Over the last few weeks, system utilization has gone up considerably but this utilization is not optimal. Certainly, load averages, CPU usage, and memory usage have increased, but there are still considerable under-utilized resources on the system. Despite the existence of under-utilized resources, job wait times have increased greatly. What is the problem here?
One of the big issues is that users tend to avoid volatile queues (formerly known as low-priority queues) for a few reasons:
- The aren’t aware that they can use them (e.g. specifying p_low=true or t_volatile=true)
- They do not want to risk having their job restarted
- Their job is not able to be restarted gracefully (i.e. checkpointed and re-launched)
The third point is something that cannot be solved unless the code being used is re-implemented to support checkpointing. Checkpointing is the ability for an application to be stopped at some point during a simulation and to be restarted later without having to re-do all of the computations that were done up to that particular point.
After conducting an audit of our application base, we’ve found that a number of the applications utilized by Circe users do in fact support checkpointing. We are working on building checkpoint environments within the GridEngine configuration for each of these applications and will make this a standard practice for application deployments from now on. The beautiful thing about being able to utilize checkpointing on the Circe system is that this, along with utilizing volatile queues, can greatly increase system utilization and at the same time, greatly reduce job wait times and increase overall throughput.
To better understand how this works, it is necessary to know the difference between a volatile resource and a non-volatile resource. On Circe, a non-volatile resource is a queue that, barring any hardware failures or node outages, is guaranteed to finish a job to completion. Other user’s jobs are unable to affect the execution of your application and once your job lands on a set of nodes, it will run on that set until it is finished (or until your maximum defined run-time is reached).
A volatile resource, on the other hand, is a queue where your job may be periodically restarted and moved to a different set of nodes. This can happen because the nodes your job was assigned to are actually owned by a particular resource group who wishes to use them at some point during your job execution. As a result of this, your job is pre-empted and restarted on a different set of resources. Applications that support checkpointing can do this seamlessly and automatically restart from the last known point in execution. This allows a user to make much greater use of group-owned hardware, avoiding the need to wait in long lines for centrally-owned hardware. Obviously, for long-running applications that do not support check pointing, you’ll have to rely on using non-volatile resources.

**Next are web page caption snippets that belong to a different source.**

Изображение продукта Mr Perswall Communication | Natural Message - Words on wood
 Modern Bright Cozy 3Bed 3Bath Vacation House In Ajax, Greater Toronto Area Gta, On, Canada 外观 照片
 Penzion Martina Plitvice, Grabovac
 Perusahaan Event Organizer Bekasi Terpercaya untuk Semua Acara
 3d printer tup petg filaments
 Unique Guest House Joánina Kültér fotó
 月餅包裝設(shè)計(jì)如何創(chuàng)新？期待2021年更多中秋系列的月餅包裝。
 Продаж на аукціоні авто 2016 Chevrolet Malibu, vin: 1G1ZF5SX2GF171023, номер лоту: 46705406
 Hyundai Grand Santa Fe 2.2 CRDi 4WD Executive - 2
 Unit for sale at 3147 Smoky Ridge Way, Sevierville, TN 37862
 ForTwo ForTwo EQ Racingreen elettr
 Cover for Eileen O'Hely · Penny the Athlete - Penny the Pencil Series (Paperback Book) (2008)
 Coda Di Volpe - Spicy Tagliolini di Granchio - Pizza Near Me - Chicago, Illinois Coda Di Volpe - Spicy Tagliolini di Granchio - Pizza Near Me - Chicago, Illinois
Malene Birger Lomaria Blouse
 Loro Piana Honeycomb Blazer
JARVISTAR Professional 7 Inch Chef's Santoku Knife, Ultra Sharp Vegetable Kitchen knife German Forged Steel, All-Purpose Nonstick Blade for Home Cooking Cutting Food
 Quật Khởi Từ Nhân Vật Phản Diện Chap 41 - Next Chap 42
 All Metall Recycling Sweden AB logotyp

So, in theory, how would we do this? Once we’ve enabled a checkpointing environment for your application, you can do the following with a GridEngine submit script:
#$ -N myjobname
#$ -cwd
#$ -j y
#$ -o output.$JOB_ID
#$ -pe ompi* 8
#$ -l h_rt=40:00:00,volatile=true,ib=true
#$ -ckpt myapplication.ckpt
#$ -r y
sge_mpirun myapplication
The keys here is specifying volatile=true to enable use of volatile resources, -ckpt myapplication.ckpt to specify the use of a checkpoint environment, and -r y to tell the scheduler that this job is re-startable. This will allow your job to utilize un-used research group-owned resources (which tend to be very high-end hardware) and react gracefully to your job being potentially pre-empted by those of said research group. The beautiful part about this is that this gives users a much larger pool of hardware to utilize to run their jobs, increasing their job throughput and overall productivity.
For applications that are integrated with the ‘run’ command, checkpointing will be enabled by default (if your application supports it), and your job will automatically opt to use volatile resources by default. If you wish to override this default behavior and run on non-volatile resources, simply adding the -F flag (it is important that this is capitalized) or --finish to your command line will work, e.g.:
[user@host ~]$ run -n 8 --finish -t 40:00:00 -f ib myapp/1.0
Checkpoint environments are not available on Circe just yet, but will be coming online within the next couple of weeks for preliminary testing. We’ll post updates here with more information as we progress. Check the documentation for your application at the Software Portal to see if it supports checkpointing. Be advised that currently, the documentation for your application may not have been updated yet as we have not enabled the checkpoint environment for it. The documentation for your application will be updated as we work through our list of updates.